> DATA SECTION
::::
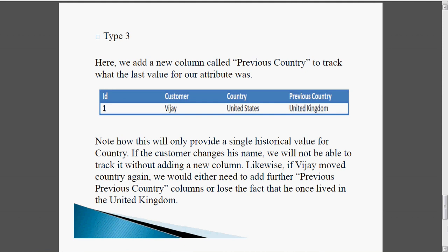These are all the types normally used in our data warehouses. Apart from these, Type 4, Type 5, Type 6, and Type 7 are also available, but those are mainly theoretical and not used practically.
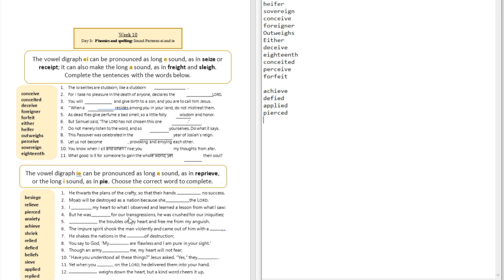Question number five: '___ the troubles of my heart and free me from my anguish.' The answer is 'relieve' — 'relieve the troubles of my heart.'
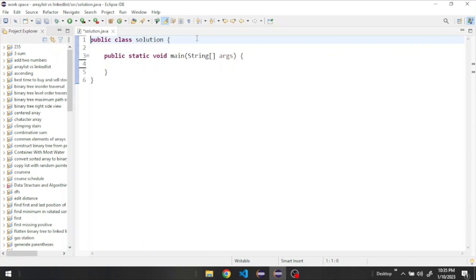Welcome guys. In this video I'm going to explain the difference between ArrayList and LinkedList. Both of them represent the Java Collections List, so they are pretty similar and share the same methods.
::::
> EXERCISE DETAILS
Exclude all images and retype the data precisely.

> ANSWER TO THIS PROBLEM
These are all the types normally used in our data warehouses. Apart from these, Type 4, Type 5, Type 6, and Type 7 are also available, but those are mainly theoretical and not used practically.
Question number five: '___ the troubles of my heart and free me from my anguish.' The answer is 'relieve' — 'relieve the troubles of my heart.'
Welcome guys. In this video I'm going to explain the difference between ArrayList and LinkedList. Both of them represent the Java Collections List, so they are pretty similar and share the same methods.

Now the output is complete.